If you grew up in the 60s and 70s, you send your kids to school with a vague sense of unease. Sure, Kindergarten looks gentle and fun, but there are those bigger kids barreling through the hallways. If you got to a K-8, the eight graders look ready to go to war or bear children. Or both at once. You remember things you wish you didn’t. Moments that hurt you in ways that nothing before or since ever have.
Maybe you’re one of the lucky ones with no such memories; the strange thing is, most kids have them—how is it that everyone was a bullied nerd, and no one was the bully? (During World War Two, every Frenchmen was in the resistance, too.)
Most of us reading this blog have horror stories. Beatings and fights and wedgies. The kid who sat next to me in high-school hung himself halfway through the school year, and I spent the rest of the year in my assigned seat, with Joe’s seat empty beside me, as I contemplated following him into oblivion. We carry this stuff around with us forever. There’s a reason the High School film is a box office staple. School is the place where often, for better or worse, we define ourselves.
So you pack your kid off to school, wondering. Do we have to move to the suburbs? Is a private school necessary? Should we home school? Could we afford that…would it drive us crazy?

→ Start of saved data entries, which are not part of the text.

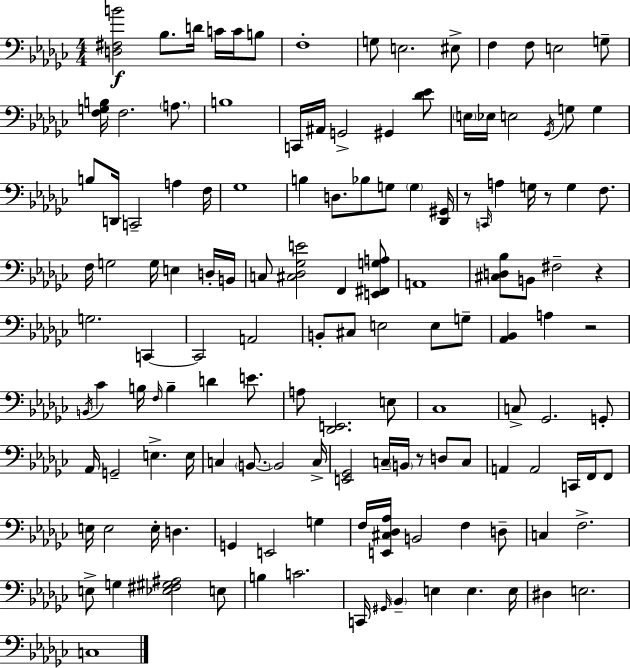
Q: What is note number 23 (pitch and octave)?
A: E3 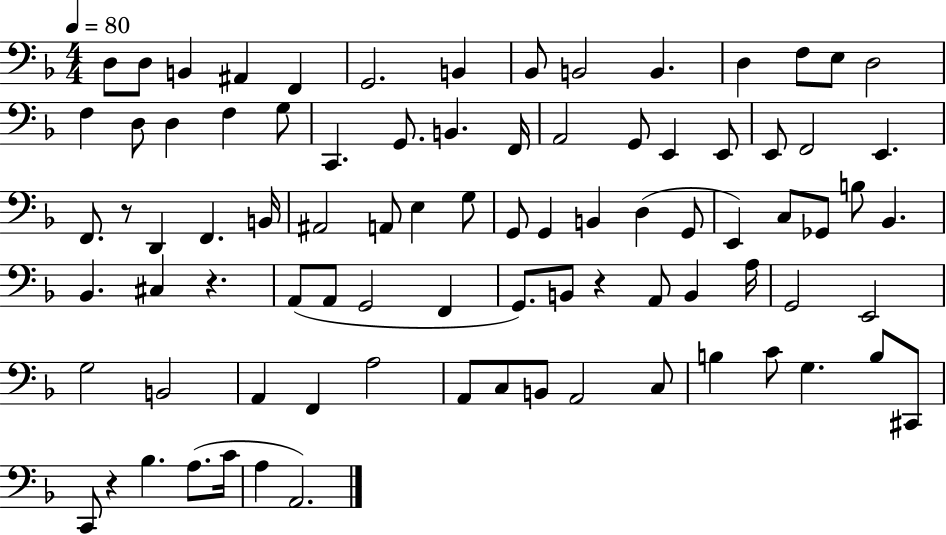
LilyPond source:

{
  \clef bass
  \numericTimeSignature
  \time 4/4
  \key f \major
  \tempo 4 = 80
  d8 d8 b,4 ais,4 f,4 | g,2. b,4 | bes,8 b,2 b,4. | d4 f8 e8 d2 | \break f4 d8 d4 f4 g8 | c,4. g,8. b,4. f,16 | a,2 g,8 e,4 e,8 | e,8 f,2 e,4. | \break f,8. r8 d,4 f,4. b,16 | ais,2 a,8 e4 g8 | g,8 g,4 b,4 d4( g,8 | e,4) c8 ges,8 b8 bes,4. | \break bes,4. cis4 r4. | a,8( a,8 g,2 f,4 | g,8.) b,8 r4 a,8 b,4 a16 | g,2 e,2 | \break g2 b,2 | a,4 f,4 a2 | a,8 c8 b,8 a,2 c8 | b4 c'8 g4. b8 cis,8 | \break c,8 r4 bes4. a8.( c'16 | a4 a,2.) | \bar "|."
} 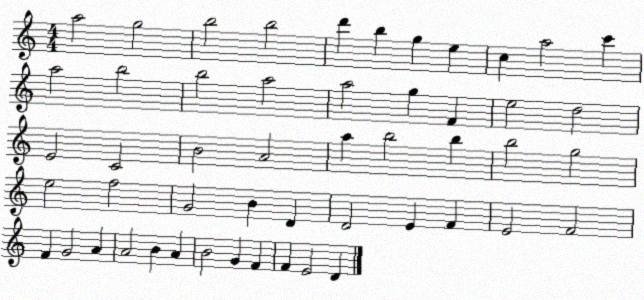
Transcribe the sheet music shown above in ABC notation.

X:1
T:Untitled
M:4/4
L:1/4
K:C
a2 g2 b2 b2 d' b g e c a2 c' a2 b2 b2 a2 a2 g F e2 d2 E2 C2 B2 A2 a b2 b b2 g2 e2 f2 G2 B D D2 E F E2 F2 F G2 A A2 B A B2 G F F E2 D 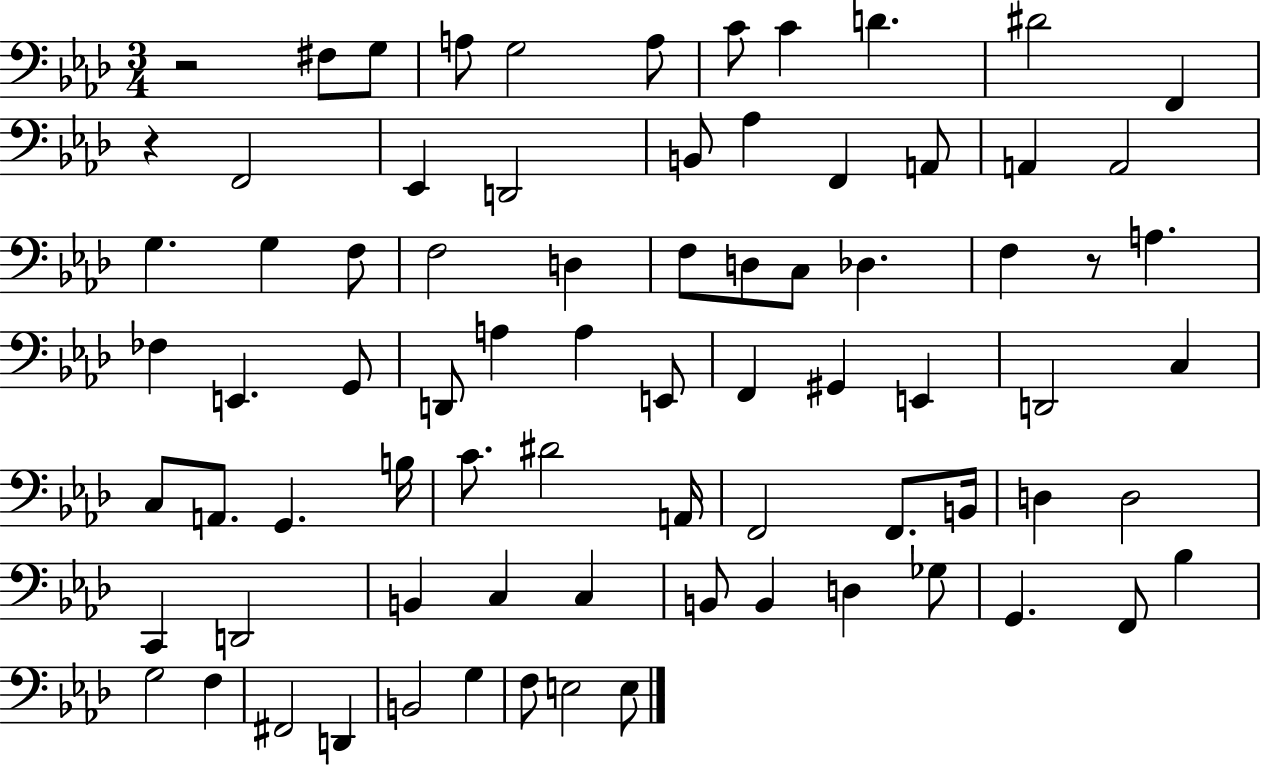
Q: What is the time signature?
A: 3/4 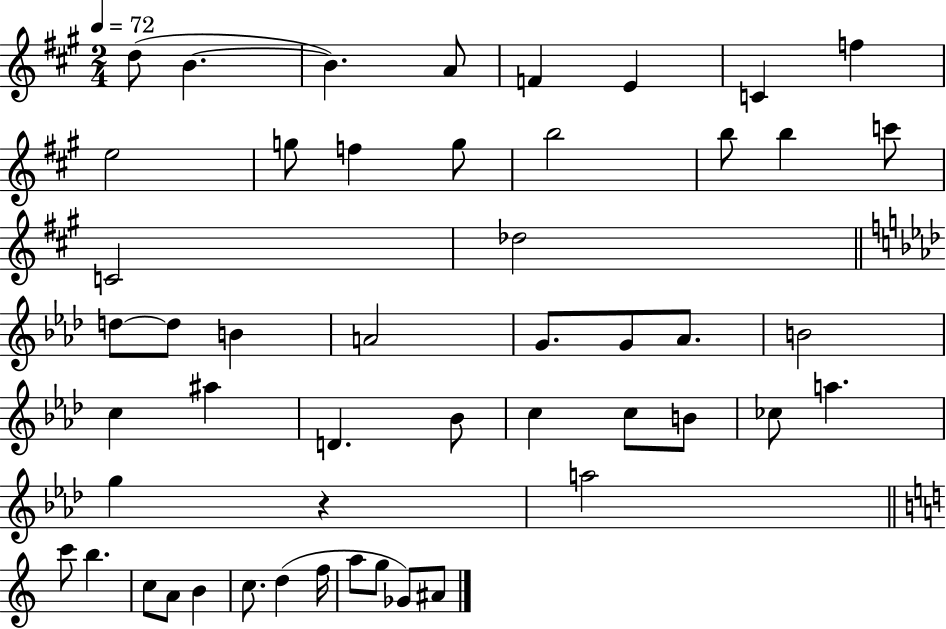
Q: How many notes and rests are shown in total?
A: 50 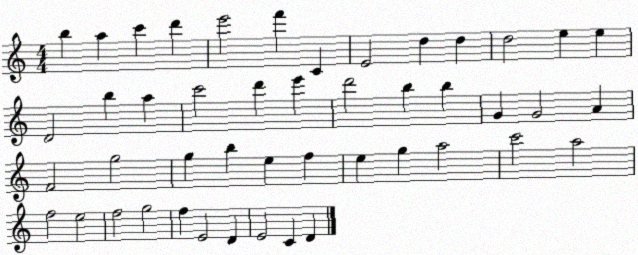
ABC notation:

X:1
T:Untitled
M:4/4
L:1/4
K:C
b a c' d' e'2 f' C E2 d d d2 e e D2 b a c'2 d' e' d'2 b b G G2 A F2 g2 g b e f e g a2 c'2 a2 f2 e2 f2 g2 f E2 D E2 C D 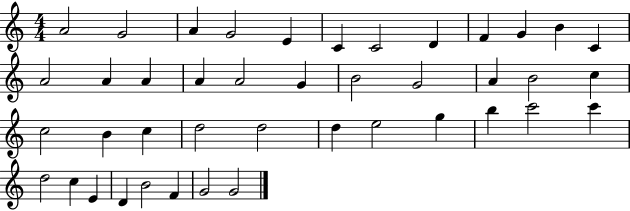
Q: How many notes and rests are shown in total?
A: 42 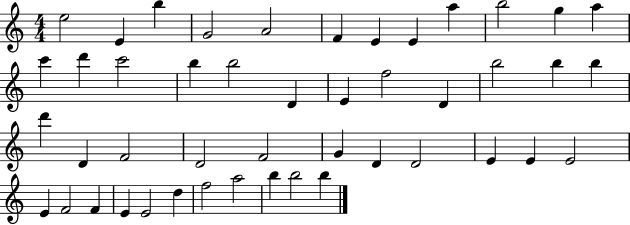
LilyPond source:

{
  \clef treble
  \numericTimeSignature
  \time 4/4
  \key c \major
  e''2 e'4 b''4 | g'2 a'2 | f'4 e'4 e'4 a''4 | b''2 g''4 a''4 | \break c'''4 d'''4 c'''2 | b''4 b''2 d'4 | e'4 f''2 d'4 | b''2 b''4 b''4 | \break d'''4 d'4 f'2 | d'2 f'2 | g'4 d'4 d'2 | e'4 e'4 e'2 | \break e'4 f'2 f'4 | e'4 e'2 d''4 | f''2 a''2 | b''4 b''2 b''4 | \break \bar "|."
} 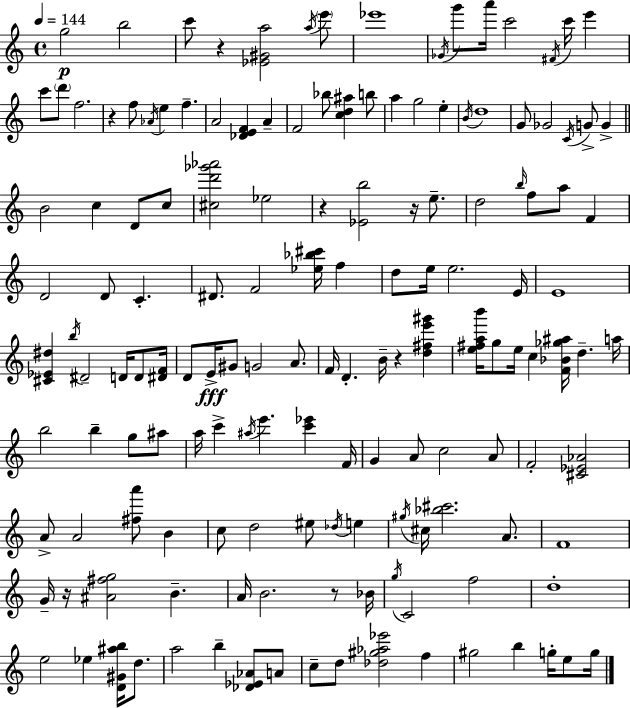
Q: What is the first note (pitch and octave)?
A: G5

School seems different, where we are now, at any rate.
We toured the schools (our district has School Choice) and found them changed almost beyond recognition. Gone the grids of desks bolted to the ground facing the blackboard wall. In our school, the Mr. and Mister have been dropped. Say Hello to Principal Bill! Every room, K-4 has a carpeted area where kids gather for the morning meeting, and sometimes sit reading books. Desks are pushed together in pods; teachers move from Pod to pod working with kids moving at their own speeds, some with specialized curriculum and affordances.

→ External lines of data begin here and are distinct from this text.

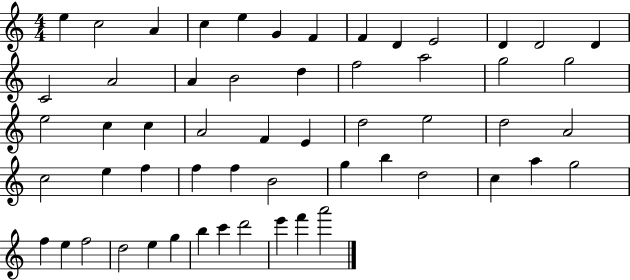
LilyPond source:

{
  \clef treble
  \numericTimeSignature
  \time 4/4
  \key c \major
  e''4 c''2 a'4 | c''4 e''4 g'4 f'4 | f'4 d'4 e'2 | d'4 d'2 d'4 | \break c'2 a'2 | a'4 b'2 d''4 | f''2 a''2 | g''2 g''2 | \break e''2 c''4 c''4 | a'2 f'4 e'4 | d''2 e''2 | d''2 a'2 | \break c''2 e''4 f''4 | f''4 f''4 b'2 | g''4 b''4 d''2 | c''4 a''4 g''2 | \break f''4 e''4 f''2 | d''2 e''4 g''4 | b''4 c'''4 d'''2 | e'''4 f'''4 a'''2 | \break \bar "|."
} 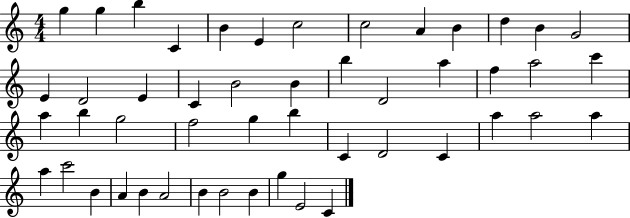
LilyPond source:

{
  \clef treble
  \numericTimeSignature
  \time 4/4
  \key c \major
  g''4 g''4 b''4 c'4 | b'4 e'4 c''2 | c''2 a'4 b'4 | d''4 b'4 g'2 | \break e'4 d'2 e'4 | c'4 b'2 b'4 | b''4 d'2 a''4 | f''4 a''2 c'''4 | \break a''4 b''4 g''2 | f''2 g''4 b''4 | c'4 d'2 c'4 | a''4 a''2 a''4 | \break a''4 c'''2 b'4 | a'4 b'4 a'2 | b'4 b'2 b'4 | g''4 e'2 c'4 | \break \bar "|."
} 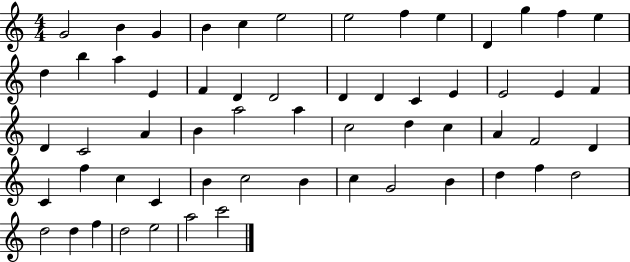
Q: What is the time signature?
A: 4/4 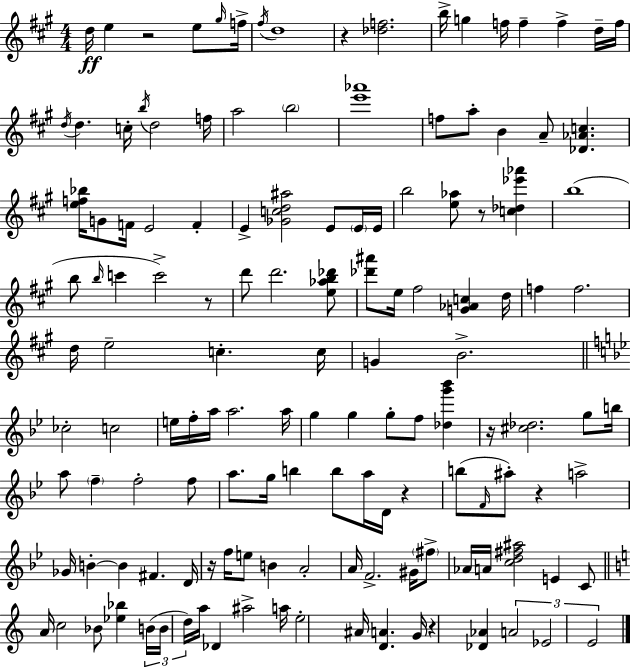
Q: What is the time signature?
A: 4/4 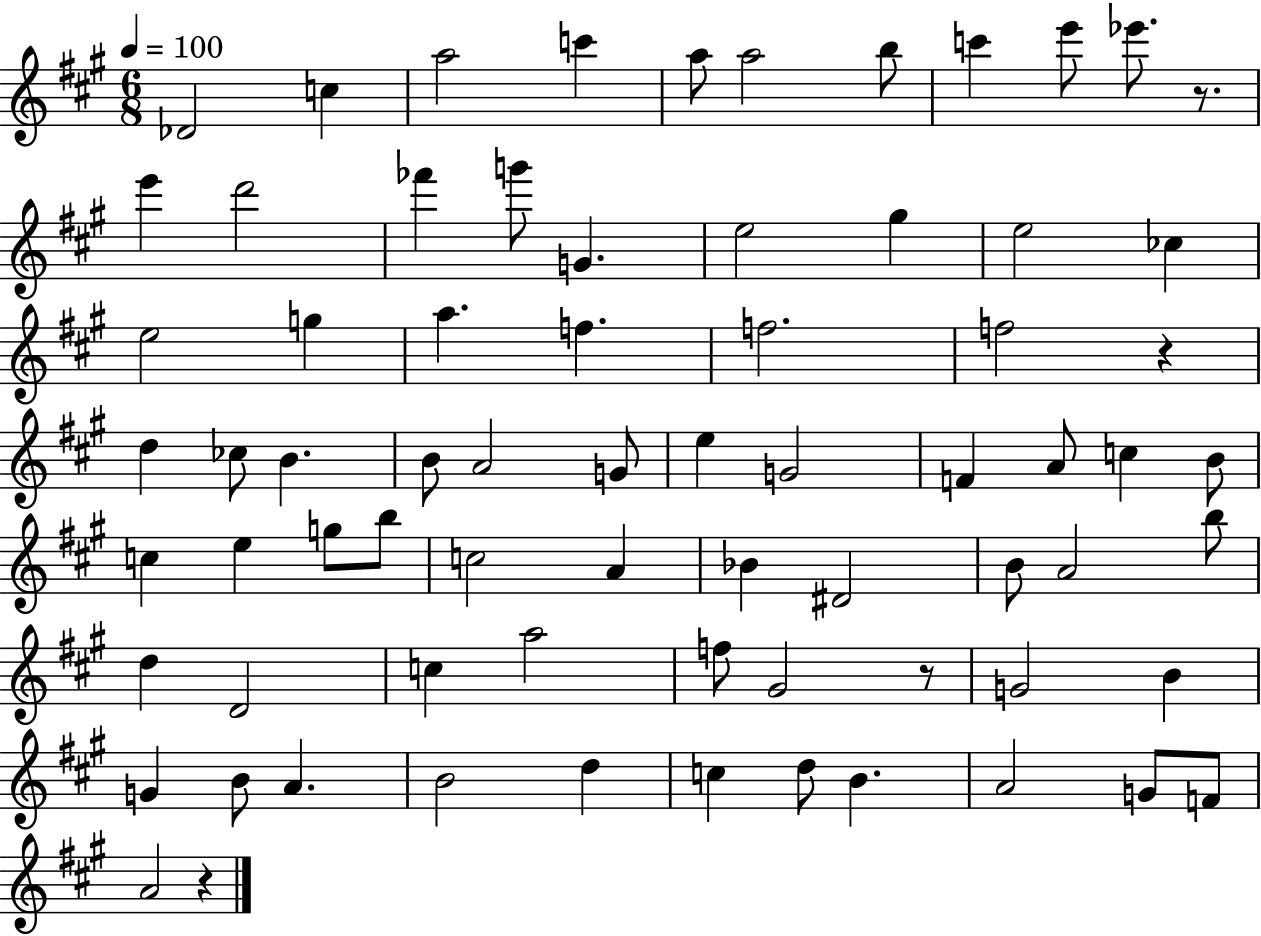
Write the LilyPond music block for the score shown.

{
  \clef treble
  \numericTimeSignature
  \time 6/8
  \key a \major
  \tempo 4 = 100
  des'2 c''4 | a''2 c'''4 | a''8 a''2 b''8 | c'''4 e'''8 ees'''8. r8. | \break e'''4 d'''2 | fes'''4 g'''8 g'4. | e''2 gis''4 | e''2 ces''4 | \break e''2 g''4 | a''4. f''4. | f''2. | f''2 r4 | \break d''4 ces''8 b'4. | b'8 a'2 g'8 | e''4 g'2 | f'4 a'8 c''4 b'8 | \break c''4 e''4 g''8 b''8 | c''2 a'4 | bes'4 dis'2 | b'8 a'2 b''8 | \break d''4 d'2 | c''4 a''2 | f''8 gis'2 r8 | g'2 b'4 | \break g'4 b'8 a'4. | b'2 d''4 | c''4 d''8 b'4. | a'2 g'8 f'8 | \break a'2 r4 | \bar "|."
}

Kids with ADD have little toys they can fiddle with. Two out of ten kids have pull-out instruction and IEPs; they get extra help with math, reading, their handwriting, and there are so many of them there seems to be no stigma attached.
And in many places, The Lord of the Flies, don’t ask don’t tell attitude towards bullying is a thing of the past.
The girl who bullied my kid on the bus was kicked off that bus for a week. This gets a parent’s attention, as they must know make arrangements to get that kid to and from school themselves. She had to write a two page essay on bullying, and have her father sign the document and return it. Bullys and their victims meet with a vice principal and are led through a conflict resolution process; witness are called, competing versions of what happened are reconciled, and consequences are meted out.
In Oscar’s case, it turns out that he’d been saving up incidents and not reporting them, so as they spilled out, it was hard to sort out what had happened when, but eventually the girl, who denied everything, was confronted with witnesses who made her acknowledge what she’d done. New to our school, I have no doubt that what she thought, and did, lurks in the hearts of many of the kids around Oscar every day.
But, when push comes to shove, bullying Oscar just isn’t worth the hassle.
For one thing, he doesn’t turn on himself. Call him a name and he responds with a shriek of even-more-foul-obscenity. Frequently his language is itself a violation of school policy, as it was on the Bus last week. (Oscar’s teacher once informed me that while she knew that ‘rules were different in our house,’ but we needed to tell Oscar that in school there were words he couldn’t use. Um. Thanks.)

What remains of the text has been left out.